I can imagine it working better read – especially when read by Eccleston, who's a great choice – with the rhythm and repetition becoming almost hypnotic.
The Snow. The Snow. The Rattling. The Lights, dim. The Snow. Black Shapes. Grey Shapes. Coughing. Propellers splutter with influenza. The Snow. The Snow.
Am I close?
Being serious, I Iike David Peace. I'll need to get hold of that.
Yeah, his style is punishing but generally rewarding. I think Red or Dead is a masterpiece, but like Heller's Something Happened, I can't imagine wanting to read it again. Too painful. I finished the Red Riding books, but by the end felt almost sickened.

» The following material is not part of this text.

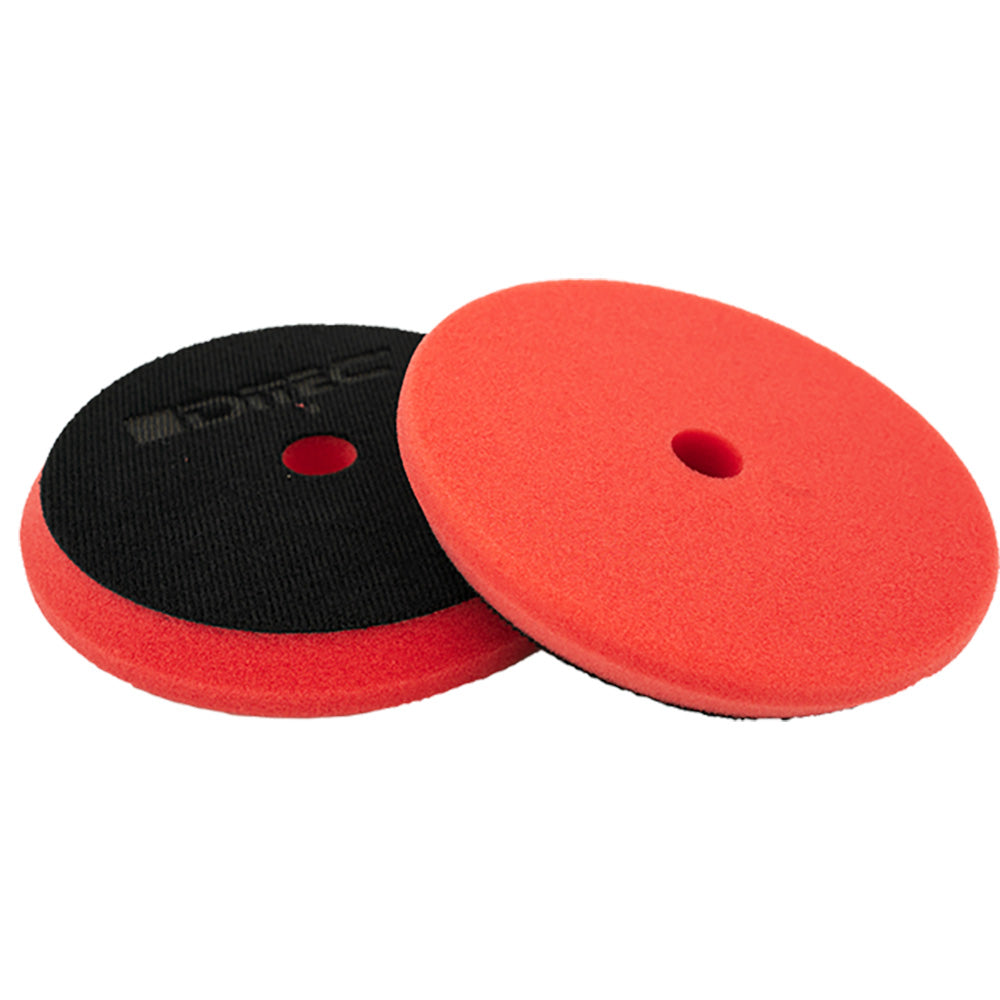 DiTEC Marine Products, DiTEC Trapez Polishing Pad - Fine Cut - 175mm *2-Pack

Haven't got to this yet but have a copy on the shelf. I'd really recommend Peace's GB84 as a book on a subject that suits his style perfectly (the miner's strike). Exceptionally bleak, but beautiful
I’ve never tried the Red Riding series, full-blown crime novels aren’t really my bag, though any West Yorkshire representation in literature is always welcome
I loved the first in the series, but what ground me down - and I really did feel sickened towards the end - wasn't the style, with was the relentless grimness of the content. It was like endlessly wading through a sewer.

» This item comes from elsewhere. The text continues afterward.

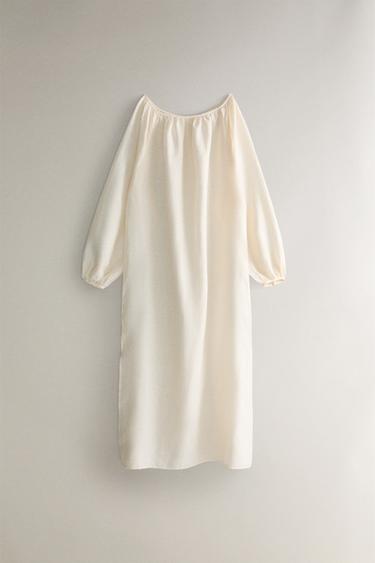 {navn} - {farge} for Zara - Bilde 0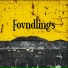 Fovndlings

Peace’s characteristic style – simple vocabulary and imagery, continuous repetition – worked brilliantly in Red or Dead, creating a brilliant portrait of obsession reminiscent of Joseph Heller’s manic Something Happened.
In the first 200 pages, which cover the crash and the immediate aftermath, the repetition feels almost Homeric, like folklore being handed down by fireside, capturing the confusion and numbing horror in a really moving way.
...As the action shifts back to Manchester – the families, the funerals, the grief and the resumption of football – the use of that same stylistic approach seemed to me jarring and, eventually, flattening to the emotional component of a story of this magnitude.
Comments
Am I close?
Being serious, I Iike David Peace. I'll need to get hold of that.
I'm totally with you on Red or Dead and so glad someone agrees - have felt on an island about it forever.
I thought it was astonishing. Shankly the perfect vehicle for his style. One of the most affecting books I've read.
So many football folk hated it so vociferously!
I far prefer it to the Clough pastiche, which I also love fwiw.
But…
And after that, the book well… tails off. Which seems like an extraordinary thing given the events covered and FA Cup final as a bookend to the story.